I'm using the following regex in Oracle DB under CLOB datatype column:
SELECT
CASE
WHEN COUNT(*) > 0 THEN 1
ELSE 0
END AS contains_extended_unicode
FROM my_table
WHERE REGEXP_LIKE(TO_CHAR(my_column), '[^[:print:]\r\n\t]');
The query should return as 0 when data is purely with printable ASCII characters from keyboard. If any characters beyond, i.e •, the bullet list from MS Word will be treated as extended Unicode character, and query return as 1.
Currently, if the data contains ASCII characters with more than 1 line, Oracle still treat as extended Unicode character, thus query return as 1.
Sample data:
qwerty
qwerty
Oracle does not support PERL-like shorthand character classes in regular expression character classes.
In a regular expression character class, Oracle does not evaluate \n\r\t
as newline, carriage return and tab but as those literal characters. So [^[:print:]\r\n\t]

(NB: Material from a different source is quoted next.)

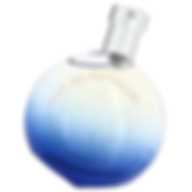 HERMES L'OMBRE DES MERVEILLES (W) EDP 50ML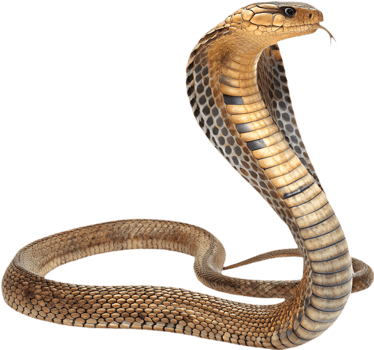 King Cobra Clipart with Realistic Coiling and Hood. . png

will match all characters that are not either visible characters (the POSIX character class [:print:]
) or \
or r
or \
or n
or \
or t
.
What you want to do is use the CHR
function to generate the characters and concatenate them into your regular expression:
SELECT CASE
WHEN COUNT(*) > 0 THEN 1
ELSE 0
END AS contains_extended_unicode
FROM my_table
WHERE REGEXP_LIKE(
my_column,
'[^[:print:]' || CHR(10) || CHR(13) || CHR(9) || ']'
);
If you want to match any character that is not an ASCII printable character (ASCII Codes 9, 10, 13 and 32-127) then you can use:
SELECT CASE
WHEN COUNT(*) > 0 THEN 1
ELSE 0
END AS contains_extended_unicode
FROM my_table
WHERE REGEXP_LIKE(
my_column,
'[^' || CHR(32) || '-' || CHR(127) || CHR(10) || CHR(13) || CHR(9) || ']'
);